Most of the people who follow us or have heard us speak know that we have written a book. Those who have heard us talk about social capital, relationships and our six laws of connection frequently suggested we write a book to share in more detail how an individual or organziation could harness the power of social capital to become wildly successful. So, we did . We wrote a freaking book. I don’t know if it’s a great book. But, I think it’s a pretty damned good book and I know that the stuff in this book is real and that the advice we share works. But, as we have discovered, writing a book is just the beginning if you actually want anyone to read it.

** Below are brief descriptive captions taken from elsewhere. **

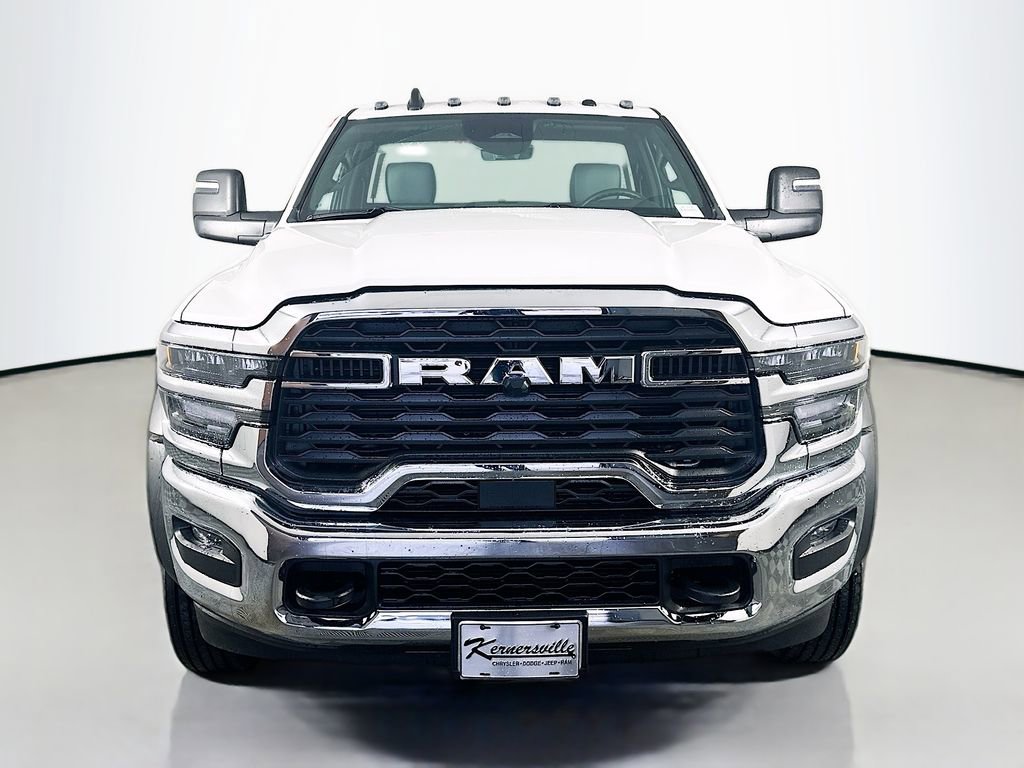 New 2026 RAM 5500 Tradesman w/ Chrome Appearance Group video 2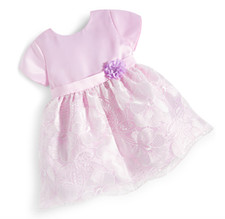 Abito gonna floreale corpetto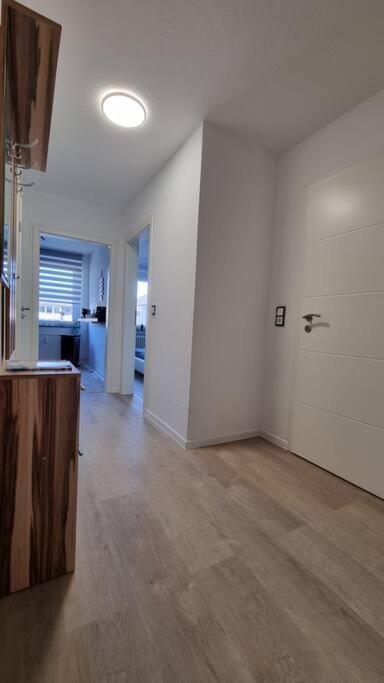 Strandappartement 2 Minuten Vom Suedstrand Βίλχελμσχαφεν Εξωτερικό φωτογραφία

There’s a step called “publishing” a book that is pretty critical if you want your book to have any real meaning beyond providing a sense of accomplishment.
So, as I reflected about our quest to publish our book and the obstacles, setbacks and frustrations we have faced, I realized that there’s a good lesson in here that ties back to social capital. When we talk about social capital, we always share examples of the type of social capital that you might have access to through your network. Maybe you know a accountant who will give you free tax advice. Or, perhaps you know a woman who is a recruiter and always has great job leads to share. Relationships with others can yield a lot of different kinds of value.
Our quest to publish a book revealed something about our networks which turned out to be pretty important. We both had large blind spots in our network when it came to connections within or related to the book publishing business. We didn’t know people at big publishers. We didn’t know people at small publishers. We didn’t know people who help authors self-publish. We had a blind spot. In our situation, our blind spot that wasn’t too critical until we decided to publish a book. But, may people have blind spots in far more critical areas. They may not have answers to important questions like:
- Who would you call if you lost your job?
- Who would you call if you needed urgent legal advice after hours?
Having a great network is really important. And blind spots in that network can be dangerous if they are in critical spots.
Our quest to publish a book also reminded me of a lesson that is a hard one to learn for a lot of people: It’s much easier to network with someone when you don’t need or expect anything from them. Ask anyone who’s been laid off suddenly and forced into networking to find a job. Relationships grow and develop better when they aren’t formed around a transaction (I need a job, you may know of one) but rather takes root in an authentic connection around a common interest or activity. The lesson many learn is that you must build your network before you need it.
We will publish a book soon. It is inevitable. Had we had the right social capital, it would probably be done by now.